## [PROBLEM TO WORK ON]
Copy exactly the lines of the material below that run from the one containing "Now we are coming" through the one containing "Hello there, welcome". Copy no other lines.

## [DATA]
* * *
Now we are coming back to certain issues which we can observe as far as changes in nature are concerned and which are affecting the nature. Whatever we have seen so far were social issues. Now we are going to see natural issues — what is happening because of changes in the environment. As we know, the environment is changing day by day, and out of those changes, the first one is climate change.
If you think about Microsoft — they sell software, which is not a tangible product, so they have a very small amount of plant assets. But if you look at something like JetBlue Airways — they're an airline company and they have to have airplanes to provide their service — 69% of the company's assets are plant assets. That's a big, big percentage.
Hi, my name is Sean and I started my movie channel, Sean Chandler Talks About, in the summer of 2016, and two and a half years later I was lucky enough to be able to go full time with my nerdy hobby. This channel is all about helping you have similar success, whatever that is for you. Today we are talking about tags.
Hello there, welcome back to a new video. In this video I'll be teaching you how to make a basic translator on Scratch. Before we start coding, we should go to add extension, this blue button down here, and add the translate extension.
* * *
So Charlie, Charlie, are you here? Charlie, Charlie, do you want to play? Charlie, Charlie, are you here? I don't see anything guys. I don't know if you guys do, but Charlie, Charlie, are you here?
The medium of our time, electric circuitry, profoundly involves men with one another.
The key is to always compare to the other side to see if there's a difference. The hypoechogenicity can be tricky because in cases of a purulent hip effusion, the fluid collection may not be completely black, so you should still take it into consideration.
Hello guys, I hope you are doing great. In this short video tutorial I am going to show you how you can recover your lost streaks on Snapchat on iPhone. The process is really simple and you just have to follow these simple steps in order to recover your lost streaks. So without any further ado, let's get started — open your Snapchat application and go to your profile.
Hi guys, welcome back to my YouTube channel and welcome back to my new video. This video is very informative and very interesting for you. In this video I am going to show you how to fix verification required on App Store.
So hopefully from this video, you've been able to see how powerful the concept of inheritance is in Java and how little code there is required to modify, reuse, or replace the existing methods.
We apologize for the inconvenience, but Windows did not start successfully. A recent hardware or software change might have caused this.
* * *
## [RESPONSE BOX]
Now we are coming back to certain issues which we can observe as far as changes in nature are concerned and which are affecting the nature. Whatever we have seen so far were social issues. Now we are going to see natural issues — what is happening because of changes in the environment. As we know, the environment is changing day by day, and out of those changes, the first one is climate change.
If you think about Microsoft — they sell software, which is not a tangible product, so they have a very small amount of plant assets. But if you look at something like JetBlue Airways — they're an airline company and they have to have airplanes to provide their service — 69% of the company's assets are plant assets. That's a big, big percentage.
Hi, my name is Sean and I started my movie channel, Sean Chandler Talks About, in the summer of 2016, and two and a half years later I was lucky enough to be able to go full time with my nerdy hobby. This channel is all about helping you have similar success, whatever that is for you. Today we are talking about tags.
Hello there, welcome back to a new video. In this video I'll be teaching you how to make a basic translator on Scratch. Before we start coding, we should go to add extension, this blue button down here, and add the translate extension.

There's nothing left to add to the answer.